Supplied material:
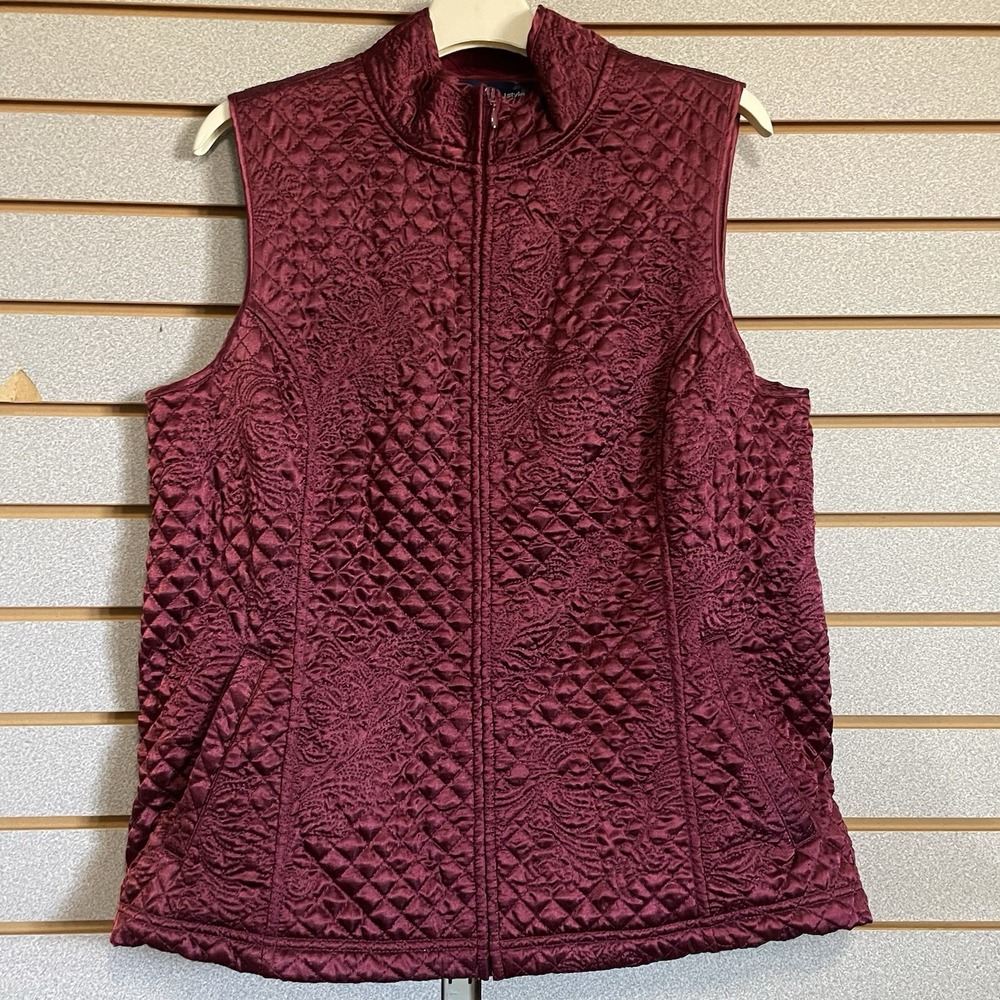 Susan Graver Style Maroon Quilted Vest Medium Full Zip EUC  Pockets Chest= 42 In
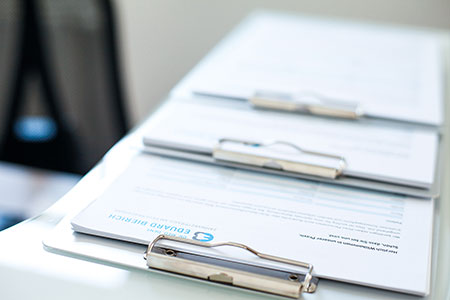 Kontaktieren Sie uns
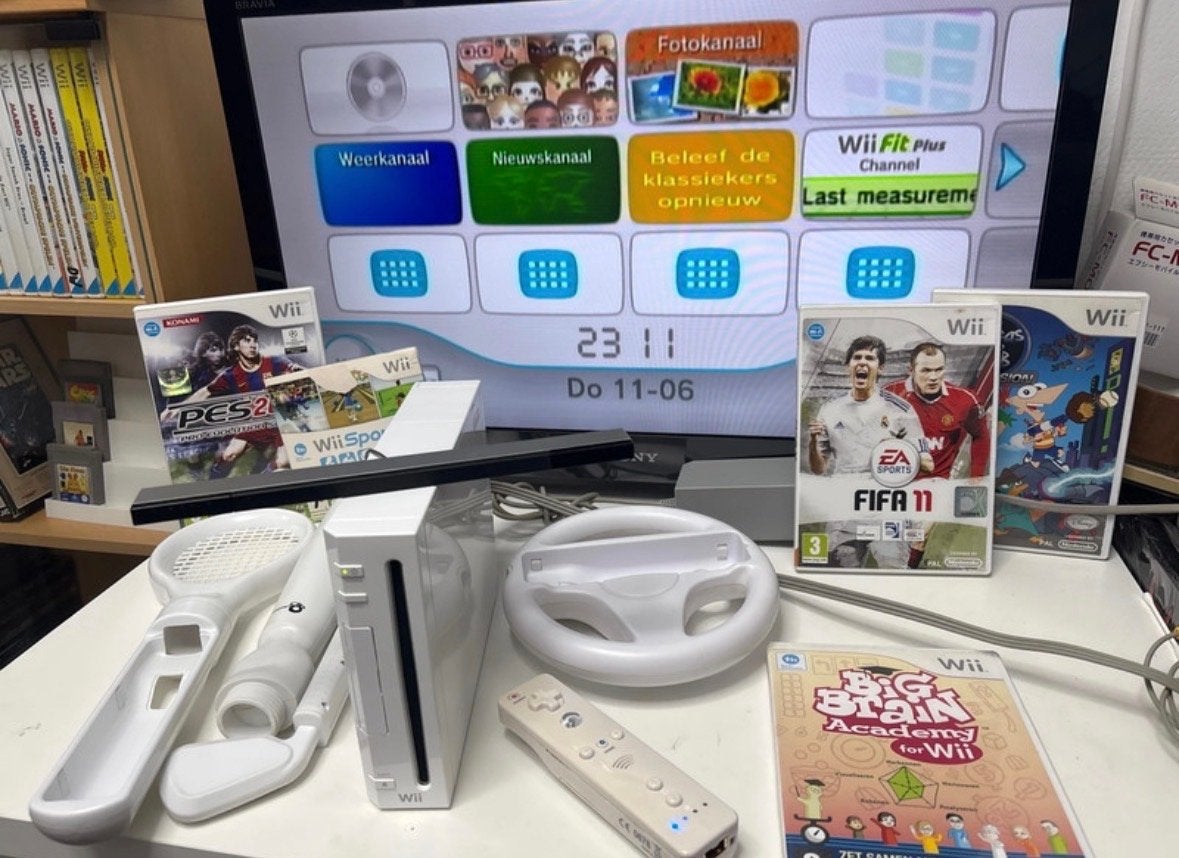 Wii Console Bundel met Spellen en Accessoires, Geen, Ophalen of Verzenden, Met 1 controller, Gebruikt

Try it: Keep the pictures out while you retype all of the data above exactly as it appears.

Exercise result:
 Susan Graver Style Maroon Quilted Vest Medium Full Zip EUC  Pockets Chest= 42 In
 Kontaktieren Sie uns
 Wii Console Bundel met Spellen en Accessoires, Geen, Ophalen of Verzenden, Met 1 controller, Gebruikt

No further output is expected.